Pages

Wednesday, February 10, 2016

[ML] Misleading about training set and validation set on neural network training

This post aims to help myself clarify the roles of training set and validation when optimizing/training a neural network.

Given a dataset, we usually split it into training, validation, and test sets. We feed the training set to the model (neural network in this post) to optimize the model so that we can apply the current model to the validation set and keep optimizing the model until the performance on validation has met some criterion (i.e. good enough). After the optimizing/training is done, we apply the model the the test set to show the real ability to the unseen data (because the test set is never used when we optimize the model).

Moreover, when the performance on validation set begins to decrease, indicating overfitting, which means our optimized model only work well on the training data, and probably not the others. We should stop further training to avoid overfitting.
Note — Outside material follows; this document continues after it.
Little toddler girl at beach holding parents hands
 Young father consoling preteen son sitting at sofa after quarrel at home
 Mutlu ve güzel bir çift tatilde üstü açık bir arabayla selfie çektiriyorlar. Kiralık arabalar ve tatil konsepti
However, in neural network training, it confuses me. In a feed-forward neural network using back propagation to optimize the network, we feed the training set and compute the loss function and get the gradient of the parameters and the accuracy on training set; we run many epochs (iterations) until the stop criterion on training set is met. Here is my question: what about validation?

And these are my summary with a figure
















1. The performance on training set will increase (until it converges) as we run more epochs
2. We stop optimizing when the accuracy on validation set begins to decrease (over-fitting)
3. We could also monitor the performance on training set for early stopping, which gives up training (because we think further training does not worth the computational cost)
4. In short, accuracy on training set is to stop the unnecessary computation; accuracy on validation is to avoid overfitting. Both of them are used to stop training the model, but with different purposes.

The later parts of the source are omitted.